Este foi o primeiro porto a que aportaram e em que desembarcaram os primeiros e antigos descobridores desta ilha, e aqui se disse a primeira missa em uma ermida de Santa Bárbara, que mandou fazer um Mateus Dias, homem honrado. Aqui fez o primeiro assento aquele antigo Gonçalo Vaz, o Grande, em tudo grande, na progénia de grandes e nobres descendentes e nas obras de virtude, no exemplo e na fazenda, que não somente neste lugar, mas em outros da ilha, deixou a seus herdeiros.

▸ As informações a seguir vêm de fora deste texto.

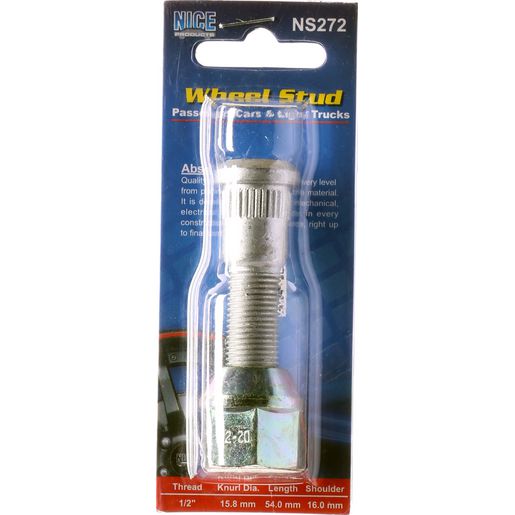 NICE Wheel Stud & Nut 1/2"" 53.9mm NS272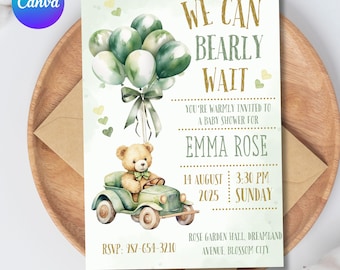 Bear Baby Shower Invite, Editable Template We Can Bearly Wait Baby Shower Invitation, Bear Invite for Boys, Editable in Canva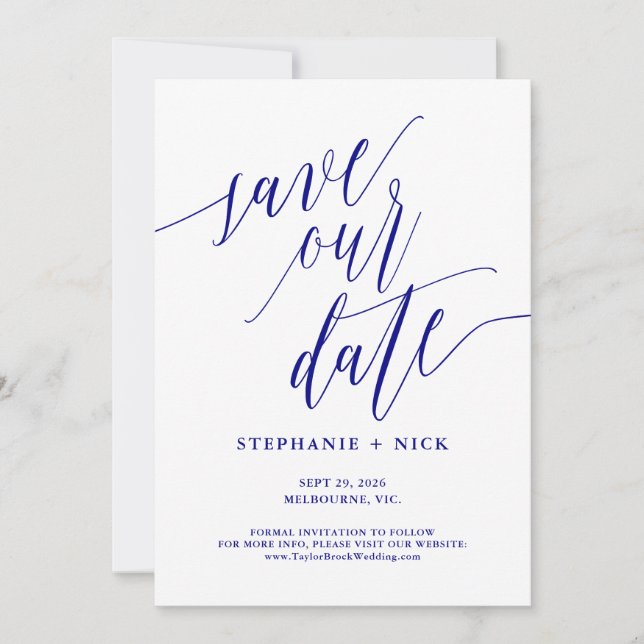 Black Elegant Script Invitation Navy Blue (Front)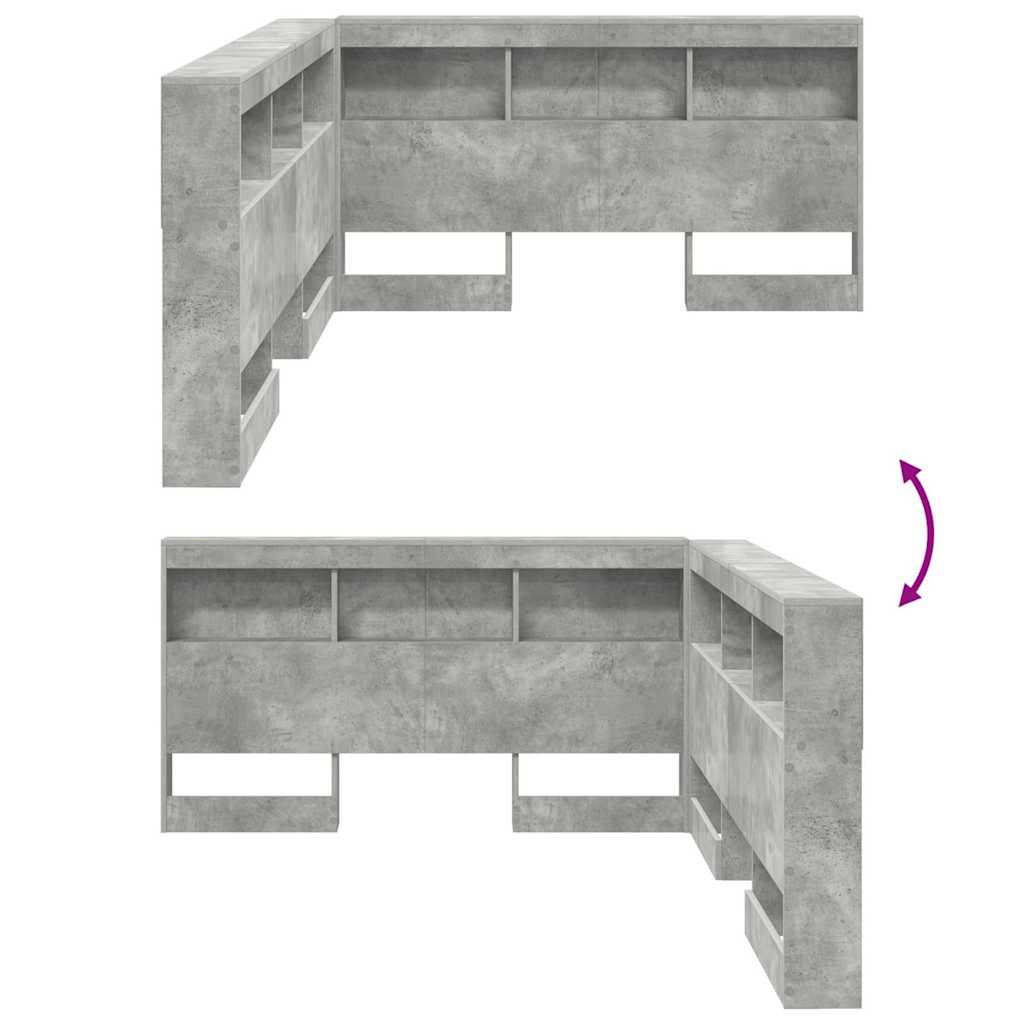 Storage Headboard Concrete Grey 150 cm Engineered Wood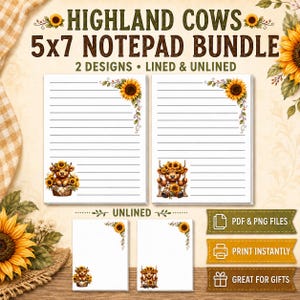 Könnte beinhalten: Ein Highland Cows 5x7 Notizblock-Set mit zwei Designs, bestehend aus liniertem und unliniertem Papier. Das Briefpapier zeigt Illustrationen von Highland-Rindern mit Sonnenblumen sowie Sonnenblumenakzente in den Ecken.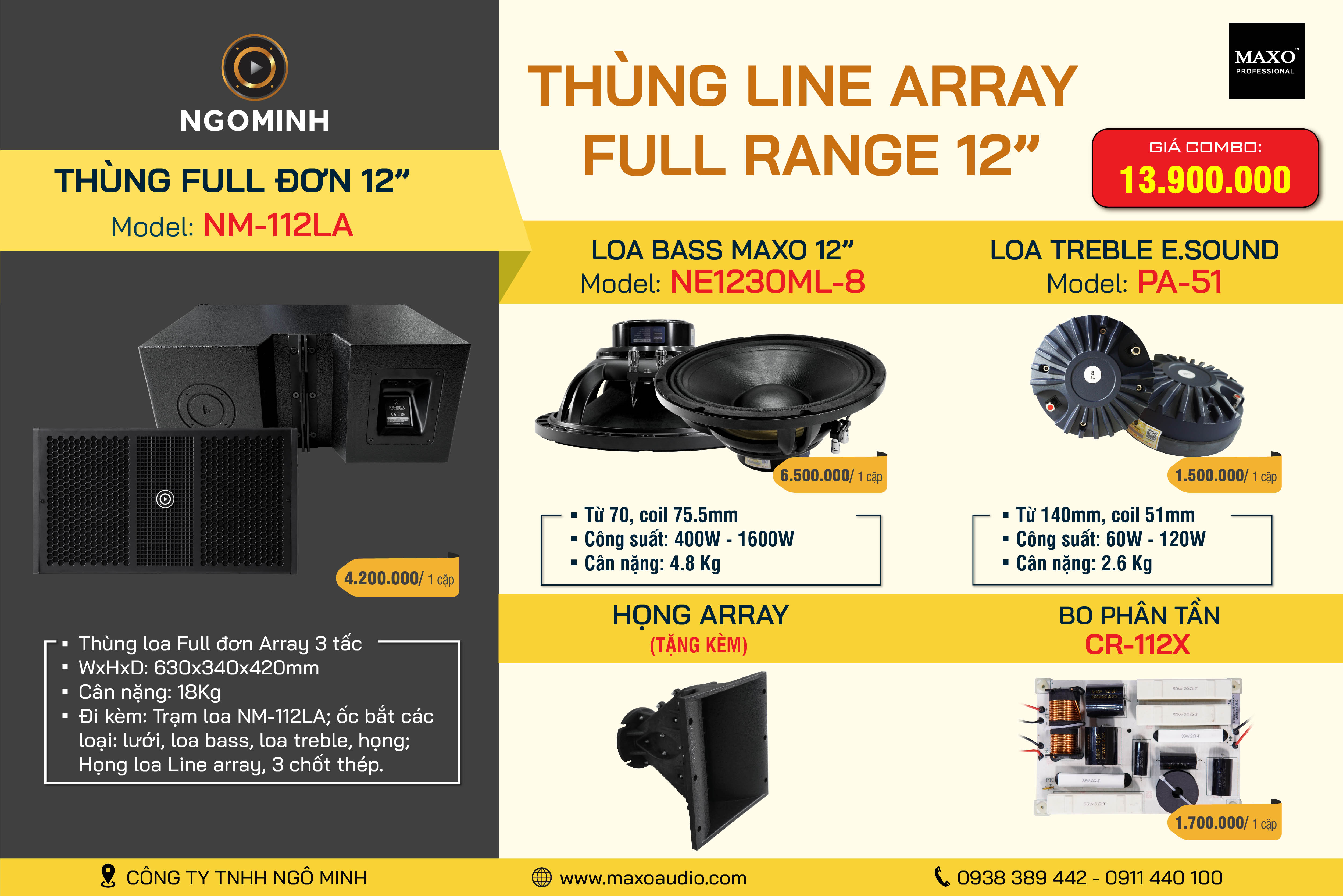 Loa Line Array Full Range 12&quot; NM112LA, NE1230ML-8, PA-51, Họng Array, CR-112X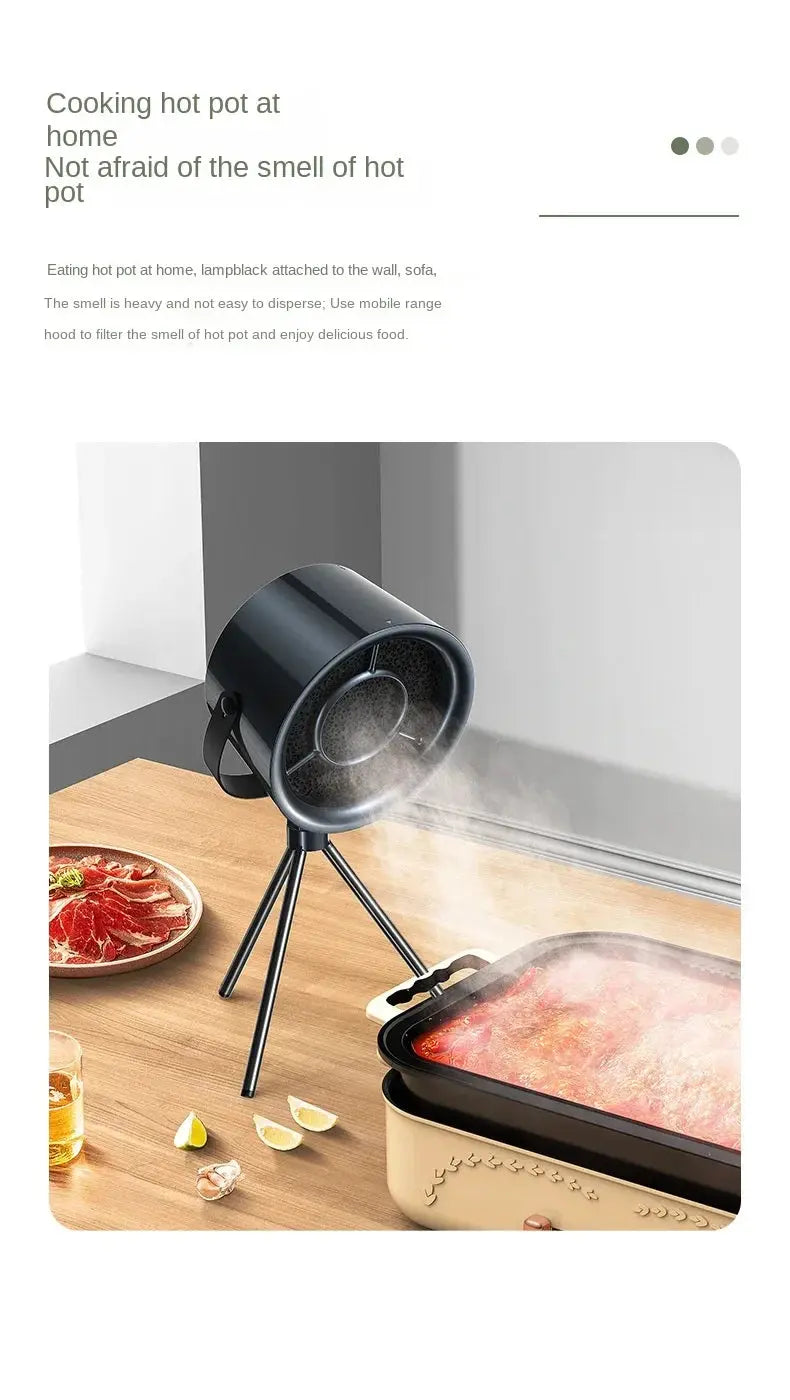 New USB Desktop Range Hoods Portable Exhaust Fan Small Kitchen Hood Extractor Barbecue Large Suction Cooker Hood - ALPENZO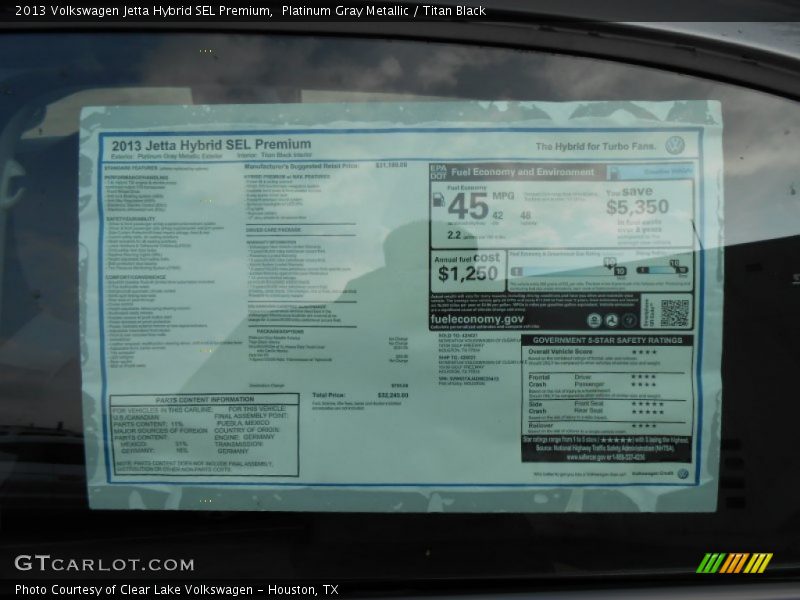  2013 Jetta Hybrid SEL Premium Window Sticker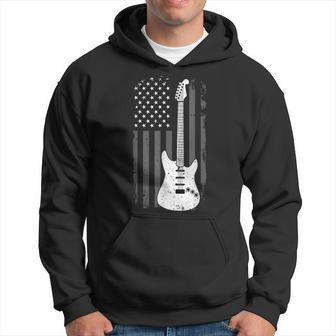 Guitar American Us Flag Music Player Electric Guitarist Gift Hoodie - Seseable
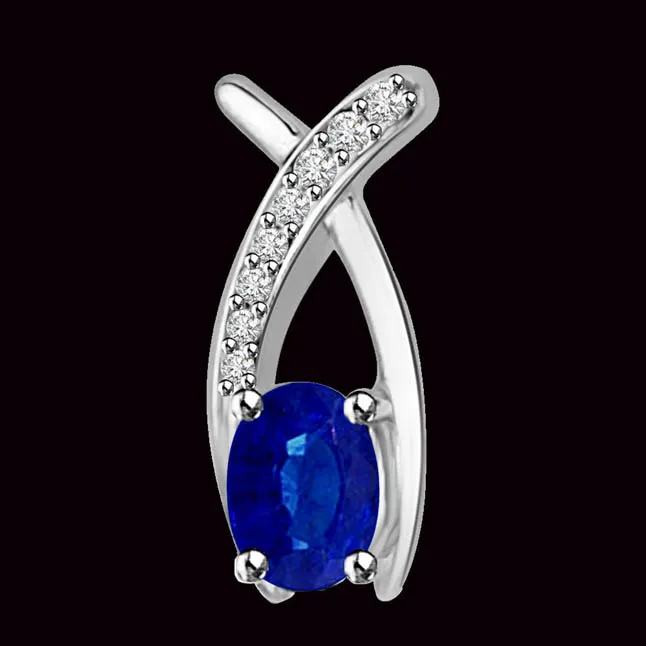 Feathers Of Love : Real Blue Sapphire & Diamond Pendant in White Gold (P1277)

A terra deste lugar da Povoação tem três camadas sobre a terra boa, que era dantes. A primeira sobre a mesma terra boa é de cinza dois palmos em alto; a segunda, em cima desta, é pedra pomes que tem perto de três palmos de alto; e a terceira camada, que está de riba, é cinza da altura de dois palmos; e tudo isto desta maneira se conjectura que caiu sobre a superfície da terra, quando arrebentaram as Furnas, dali duas léguas, ou o pico delas ou outros ali chegados. Esta terra, pela folhagem das ervas ou folhada do mato que pelo tempo cresceu, com que estava estercada, depois que a roçavam, dava muito pão ao princípio, com aquele esterco, e por isso está ali uma lomba, chamada a Lomba do Pão, por o dar naquele tempo muito; e depois, por se gastar o esterco, ficou menos fértil e não deu pão muitos anos, mas já agora a começam a cultivar e dá algum fruto.
Aqui está o lugar onde estava a faia, ou ginja, ou zimbro, ou qualquer outra árvore que fosse, em que se fez a primeira justiça nesta ilha, quer fosse mandada fazer por Jorge Velho, quer por Gonçalo Vaz, o Grande, ou pelo Capitão Frei Gonçalo Velho, em um alto de uma baixa rocha, junto da ribeira, que fica do lugar para a parte do ponente, em que enforcaram o homem que veio da ilha de Santa Maria e primeiro pôs os pés nesta terra, para tão prestes Ihos alevantarem dela.
Antre as duas ribeiras, tem uma igreja que mandou fazer João de Arruda e seus filhos, da advocação de Nossa Senhora dos Anjos, cuja festa principal se celebra aos quinze dias do mês de Agosto; mas, por andarem neste tempo ocupados os fregueses em recolher suas searas e em outros trabalhos, celebram agora esta por dia da Natividade de Nossa Senhora, a oito de Setembro. É freguesia de cento e três fogos e duzentas e trinta e oito almas de confissão, das quais são de sacramento cento e quarenta e oito. O primeiro vigairo foi Baltasar Pires, por alcunha o Malícia; o segundo, Fernando Rodrigues; o terceiro, Baltasar de Sousa; o quarto, Francisco de Aguiar que agora serve.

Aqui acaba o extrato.